[Dataset excerpts]
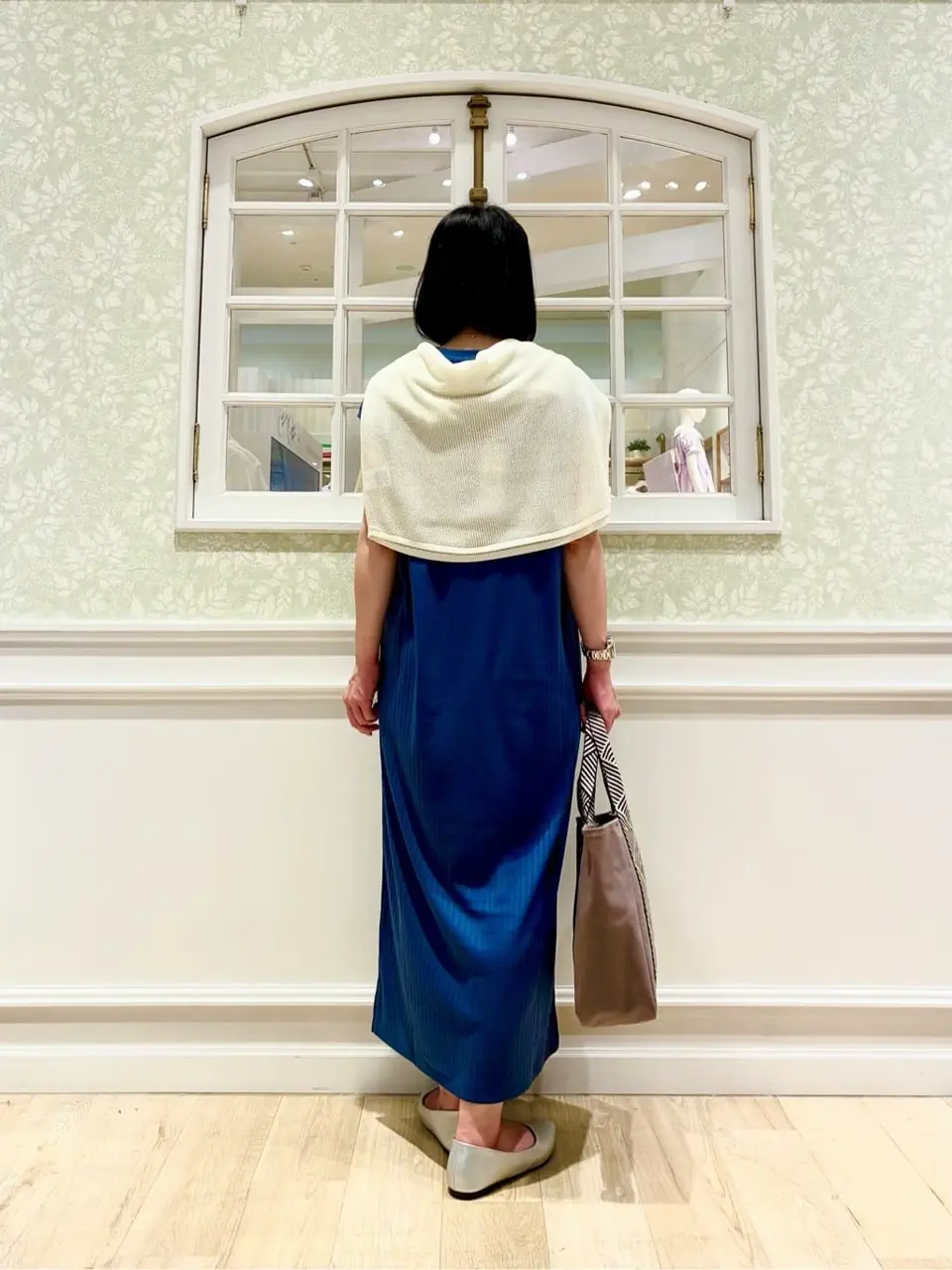 ANY MIKA コーディネート画像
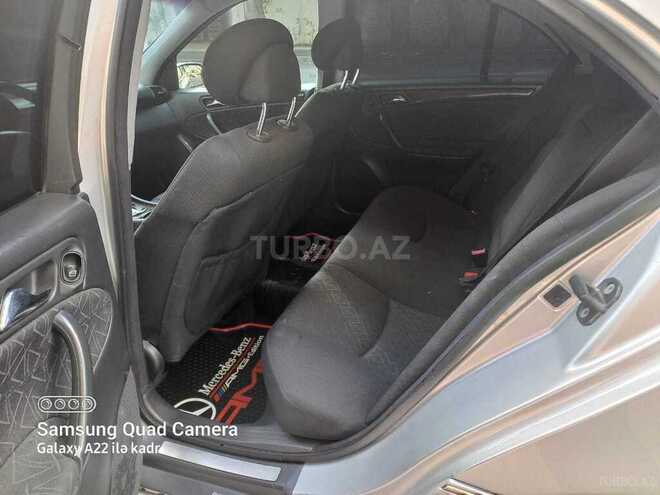 Mercedes C 220 2001, 320,000 km - 2.2 l - Bakı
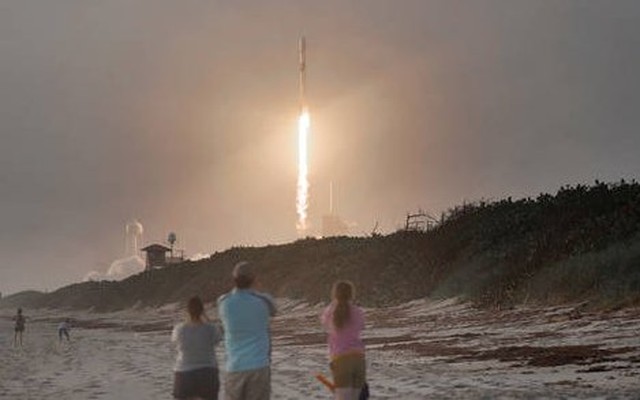 Tên lửa SpaceX Falcon 9 mang theo 60 vệ tinh Starlink được phóng từ Trung tâm Vũ trụ Kennedy (Mỹ) ngày 6/10/2020. Ảnh: Getty Images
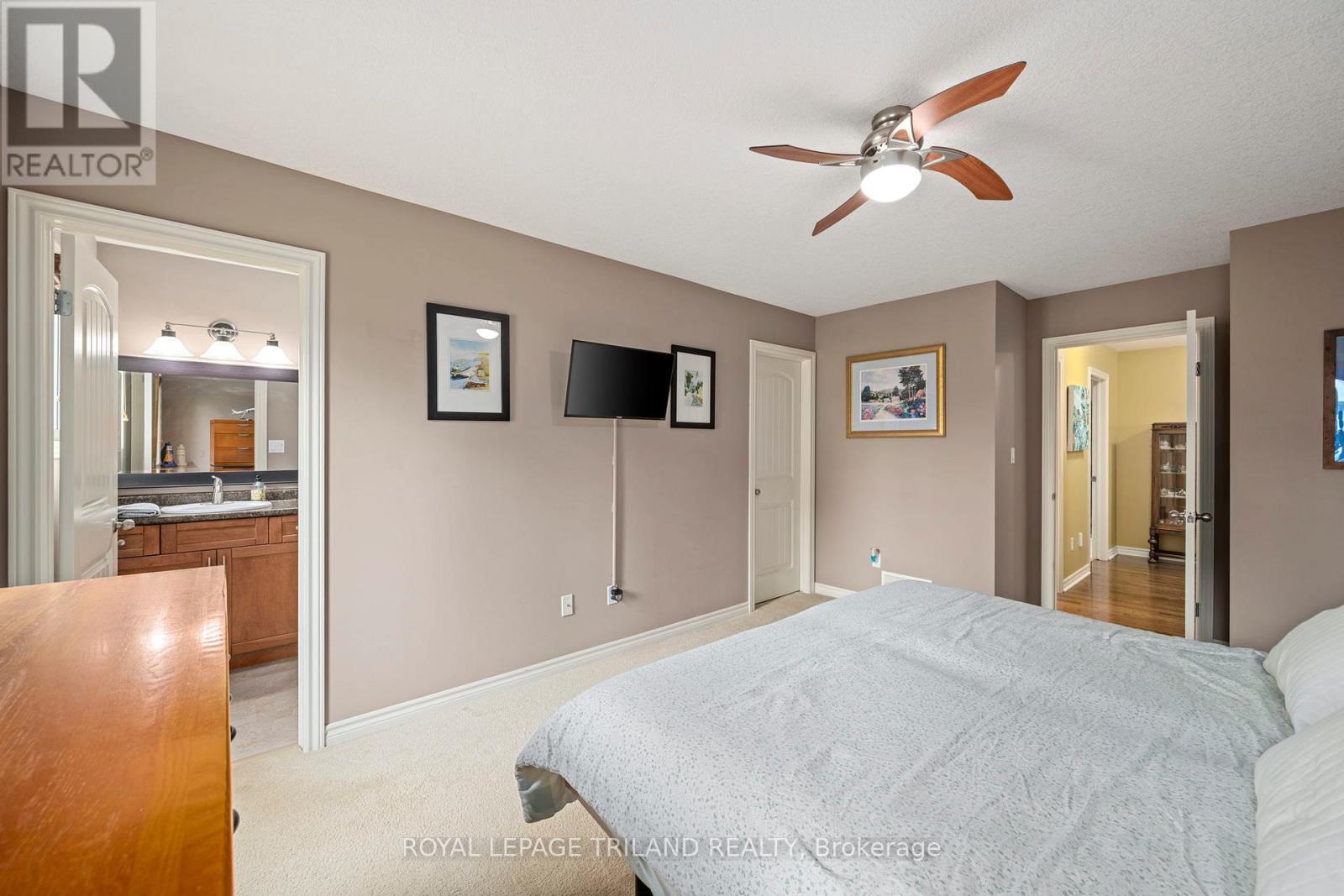 48 CIRCLEWOOD DRIVE - 33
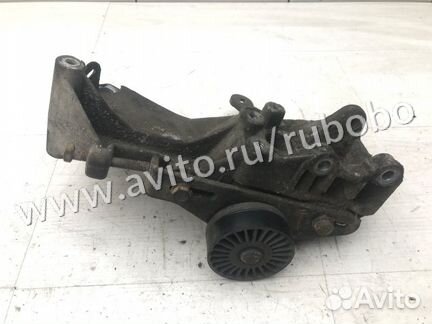 Кронштейн генератора Renault Clio 2 K7JA700 2001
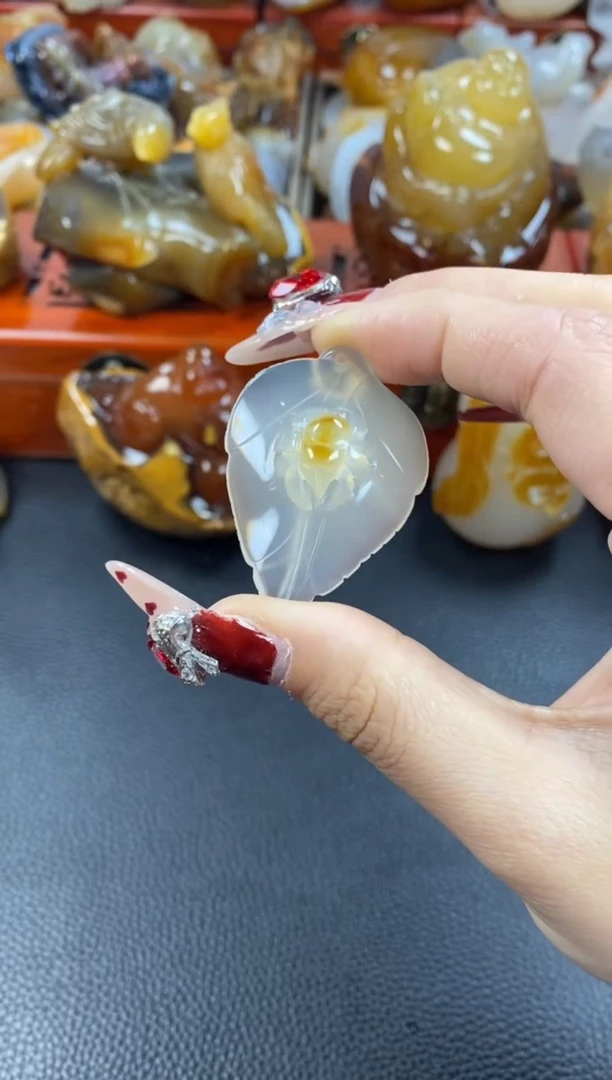 【闪购商品】玛瑙/玉髓挂件未镶嵌1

_PROMPT:_ Give a verbatim transcription of the entries, leaving out the pictures.

_EXERCISE SOLUTION:_
 ANY MIKA コーディネート画像
 Mercedes C 220 2001, 320,000 km - 2.2 l - Bakı
 Tên lửa SpaceX Falcon 9 mang theo 60 vệ tinh Starlink được phóng từ Trung tâm Vũ trụ Kennedy (Mỹ) ngày 6/10/2020. Ảnh: Getty Images
 48 CIRCLEWOOD DRIVE - 33
 Кронштейн генератора Renault Clio 2 K7JA700 2001
 【闪购商品】玛瑙/玉髓挂件未镶嵌1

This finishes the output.